Apart from the above-described chicken of the woods (which was pale in colour when we found it, but took on a much more distinct chicken of the woods vibrant orange when cooked), corn and tempeh, the above also incorporates spring onions, chilli and garlic from previous CSAs, coriander grown on my roof, South River (Western Mass) chickpea tamari, and a squeeze of lime juice. Such delicious ingredients - this is one of my favourites (pretty much this recipe).

Tuesday, August 19, 2014

Aubergine, peanut and tamarind curry

One of our favourites round here is Yoma - a little Burmese place. I've never eaten Burmese food anywhere else so cannot speak for its authenticity, but we love the tastes - all the best bits of Thai, Vietnamese and Indian food, pretty much. Tea salad is a favourite, and their chickpea tofu, and the coconut-pumpkin-tofu curry. The okra is also good. And aubergine, peanut and tamarind curry.

We had an increasing mass of various aubergines (including cute little green ones called Kermit) from the CSA. I was going to make the classic aubergine curry, but then on the way home went right off the idea of following a recipe and decided instead to make something up involving aubergine, peanut and tamarind. This is that.

~3 medium aubergines (or equivalent amount of small ones), trimmed and cut into ~2 in wedges
olive oil
salt
1 green chilli, deseeded and finely chopped
2-3 cloves garlic, peeled and finely chopped
2 in piece ginger, peeled and finely chopped
1 small onion (or ~5 spring onions), peeled and chopped
~2 tbsp tomato puree
~2 tbsp peanut butter
~1 tbsp tamarind paste
juice of 1/2 lime
salt
water
peanuts (optional)

Heat the oven to 400F. Prepare the aubergines and put into a roasting tin. Sprinkle with salt and olive oil and mix. Put in the oven and roast for ~ 30 min, until tender and lightly browned.

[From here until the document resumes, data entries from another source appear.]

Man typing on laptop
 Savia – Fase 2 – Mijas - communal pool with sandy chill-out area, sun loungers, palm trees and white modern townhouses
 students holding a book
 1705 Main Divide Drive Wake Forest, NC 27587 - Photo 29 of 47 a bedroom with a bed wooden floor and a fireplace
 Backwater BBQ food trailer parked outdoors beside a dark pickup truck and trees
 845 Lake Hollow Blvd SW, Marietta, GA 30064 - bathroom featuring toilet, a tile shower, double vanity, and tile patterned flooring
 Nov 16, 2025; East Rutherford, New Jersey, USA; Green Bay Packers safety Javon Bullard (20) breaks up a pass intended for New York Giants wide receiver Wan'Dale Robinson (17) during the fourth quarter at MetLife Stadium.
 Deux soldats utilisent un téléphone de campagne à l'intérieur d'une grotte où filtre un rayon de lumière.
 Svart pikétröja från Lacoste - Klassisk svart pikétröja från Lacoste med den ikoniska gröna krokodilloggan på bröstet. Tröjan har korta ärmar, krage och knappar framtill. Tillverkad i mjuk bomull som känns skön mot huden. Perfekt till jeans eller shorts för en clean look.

Meanwhile, heat 1-2 tbsp oil in a large saucepan and add the chilli, garlic, ginger and onions. Cover and saute until soft. Mix the tomato puree, peanut butter, tamarind and lime juice in a bowl with ~ 1/2 tsp salt and enough water to make a thick, creamy sauce. Add to the chilli-garlic mixture and saute for a minute.

When the aubergines are ready, take out of the oven and add to the pan. Mix it all together, taste and adjust for salt and acid. If you have peanuts, you could chop and dry-fry some, then sprinkle over.


Different from the Yoma one, but good nonetheless. Even better the next day when everything has mellowed together. Even cold.

Monday, August 4, 2014

Chocolate cherry coconut

My Mum used to make this sometimes - it's from the WI Book of Biscuits. I have that book now, with her annotations in places. I don't make stuff out of it that often, but it's ace - all the recipes are minimal and pictureless and simple and they work. I've made this every once in while since I was about 12 (although this is the first time I attempted a vegan version).

I love glace cherries even though I know they are wrong - I like to think of them as cherries with all the cherry removed and replaced with sugar. Yum. Coconut, cherry and dark chocolate is an amazing combination.

I veganised the recipe slightly by replacing the egg, but otherwise the recipe was vegan (and gluten-free) already.

5 oz / 150 g chocolate
2 oz / 50 g margarine
4 oz / 100 g sugar
1 egg (I replaced with ~2 tbsp soy yoghurt and ~2 tsp cornstarch - other egg replacements should also work)
2 oz / 50 g glace cherries
4 oz / 100 g desiccated coconut

Line a Swiss roll tin (flat-based tin with straight sides) with tinfoil (if you only have large tins you can make a false wall with the foil). Melt the chocolate in a double boiler (small bowl set over almost-boiling water), then spread it out over the foil evenly and leave to cool.

Once the chocolate has set, heat the oven to 170C / 335F. In a medium bowl, cream the margarine and sugar together. Beat in the egg (or soy yoghurt+cornstarch). Chop the cherries and fold them in, along with the coconut. Spread over the chocolate and bake for 15-20 min. Let cool in the tin and when cool cut into slices.


The version with egg is (unsurprisingly) a bit fluffier on top, but either way this is amazing - like a Bounty bar made with good ingredients, and with cherries in it!